再三再四の白石の意見で、重秀は免職となりました。それは1712(正徳2)年、家宣が病死する直前でした。免職された重秀も、翌年病死しました。
重秀が勘定奉行時代、勘定吟味役は自然消滅していましたが、白石の建議により、復活されました。

1712(正徳2)年、家宣の跡を、その子家継が4歳で継ぎました。宣下の儀式は翌年行われました。政治の実権は間部詮房が握り、白石と協力して将軍を補佐する体制は継続されました。
家宣は金銀貨を慶長期の状態に戻すことを言い残していました。1714(正徳4)年、正徳金銀が鋳造されました。
元禄以来の改鋳は、幕府の利益を目的にしたため、民の反感を買い、金銀銅の含有成分比を公表しなかったため、民は疑いました。このため、白石は改鋳に際し、民がお上を信頼するようでなければならないと説きました。

 

鎖国の後も、貿易額の制限は行われませんでした。そのため、金銀銅の激しい海外流出は続いていました。このため、国内で流通する貨幣の量が不足してきました。
初め銀が輸出の大部分を占めていました。1646(正保3)年、銅が輸出されるようになり、18世紀には銀に取って代わるようになりました。
1668(寛文8)年、銀の輸出は禁止され、金の輸出が解禁されました。しかし、中国の商人は金を喜ばなかったため、銀の流出は続きました。

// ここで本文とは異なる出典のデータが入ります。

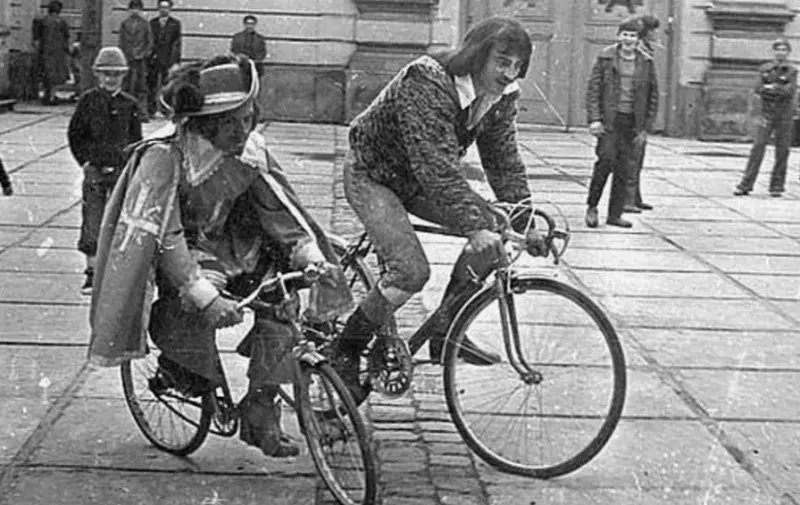 Секретное оружие Юнгвальда-Хилькевича: зачем на съемках «Д'Артаньяна» понадобилась мама Боярского Секретное оружие Юнгвальда-Хилькевича: зачем на съемках «Д'Артаньяна» понадобилась мама Боярского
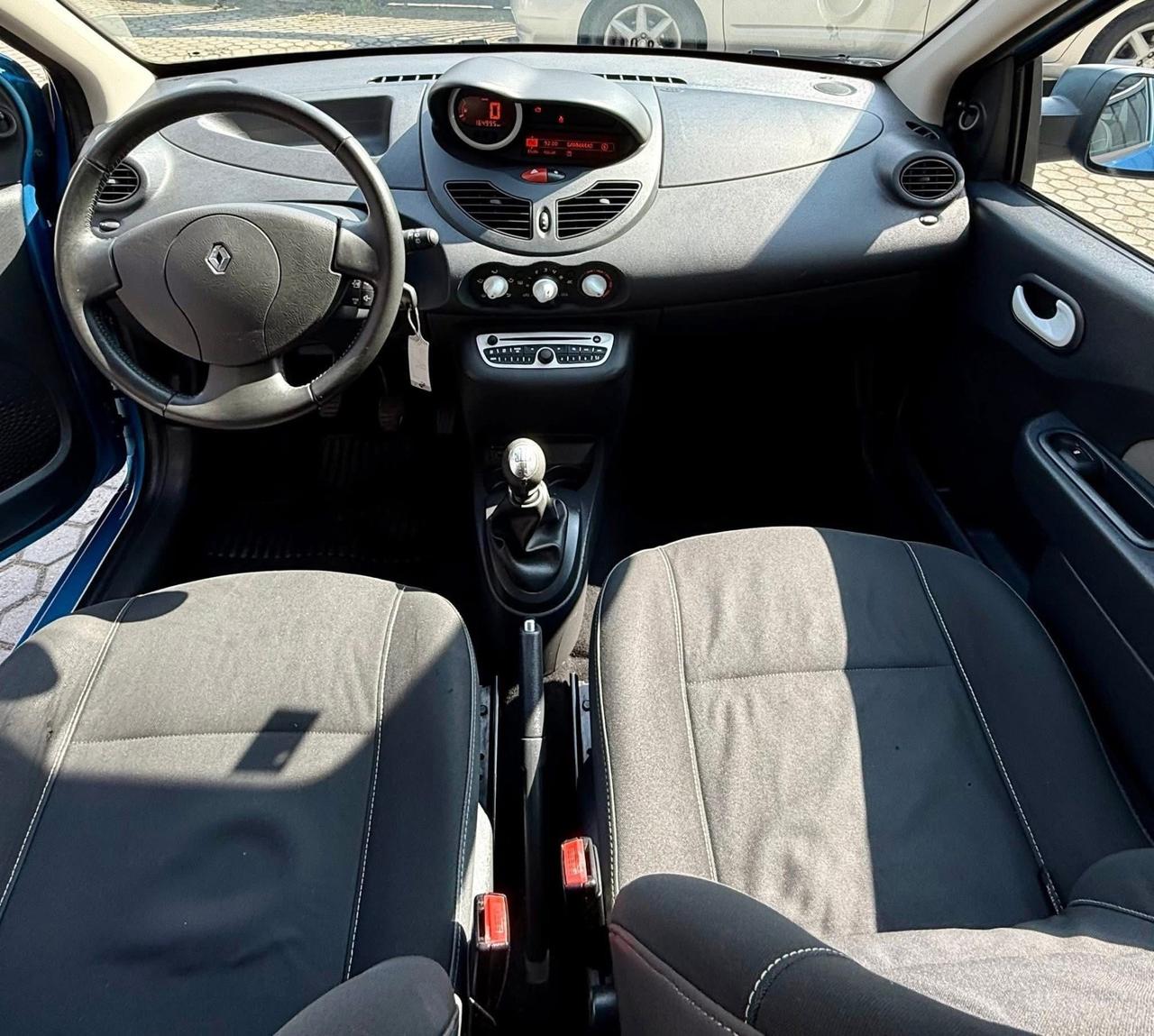 RENAULT TWINGO 1.2 BENZINA - NEOPATENTATI - UNICO PROPRIETARIO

1685(貞享じょうきょう2)年、幕府は初めて貿易額の制限を定めました。中国船の輸入額を銀として6千貫目、オランダ船の輸入額を3千貫目に制限しました。これを定高(さだめだか)と呼びました。
取引高の制限だけでは困難であったため、1688(元禄元)年には中国船1年に70隻と船数を制限しました。また、この年、長崎市内に唐人屋敷を建設し、翌年、中国人をここに移しました。

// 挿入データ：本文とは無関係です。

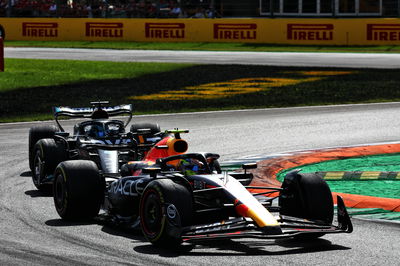 Sergio Perez (MEX) Red Bull Racing RB19. Kejuaraan Dunia Formula 1, Rd 15, Grand Prix Italia, Monza, Italia , Race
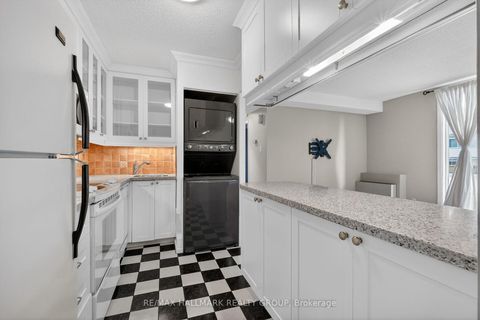 Photo 23 at 705 - 141 Somerset Street W, Ottawa Centre/Golden Triangle, Ottawa Centre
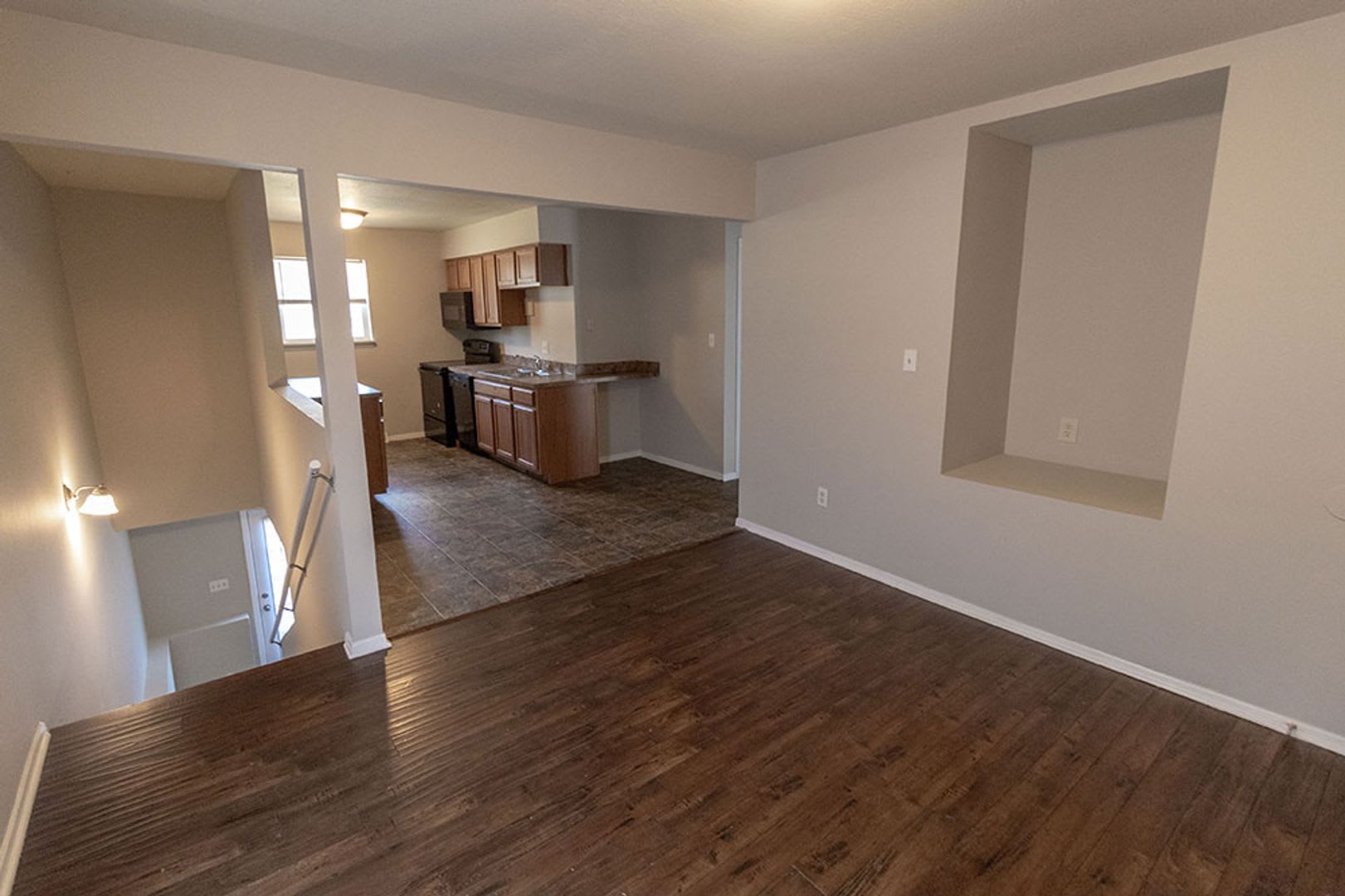 Large 4 bedroom Duplex – photo 4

1694(元禄7)年からは、売れ残った商品を商人に請負わせて交易させ、運上金を納めさせました。1698(元禄11)年からは、請負制により、俵物(たわらもの、乾しあわび・いりこ・ふかのひれの俵詰め)や諸色(しょしき、昆布など)と呼ばれる海産物の中国への輸出が始まりました。

新井白石は長崎奉行大岡清相(きよすけ)らの意見により、貿易に関する規制を整備し、1715(正徳5)年、長崎奉行らに示しました。これは、正徳長崎新例などと呼ばれ、ほぼこの規定に従って、幕末まで長崎貿易は運営されました。

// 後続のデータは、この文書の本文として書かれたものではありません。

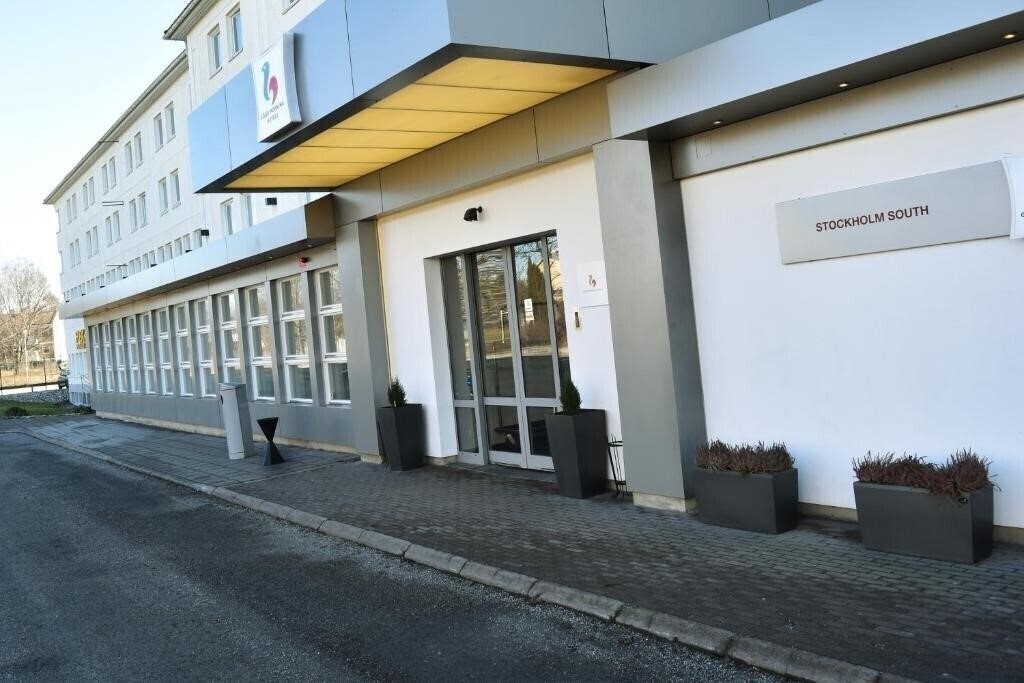 Отель Good Morning Plus Haegersten 4*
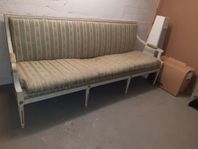 Antik soffa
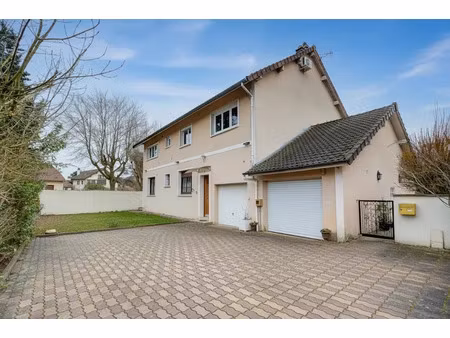 vente appartement 8 pièces 156 m² à bois-d'arcy (78390)  410 000 €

その内容は、中国船は年30隻、銀高6千貫目、オランダ船は2隻で3千貫目の定高でした。
白石は、貴重な資源を奢侈品の輸入のために失ってはならないと考えていました。輸入の代表の白糸(生糸)については、京都の西陣に対し、和糸(国産生糸)を使用した織物の製造を命じました。また、砂糖や朝鮮人参も国内で栽培させたいと考えていました。
新井白石は幕府の学者として、例外的に政治活動に参加しました。努力の割には、報われることが少なく、理想とする武士の生き方と、現実社会との違いも大きかったと思われます。そんな思いは、白石の自叙伝である「折たく柴の記」に記されています。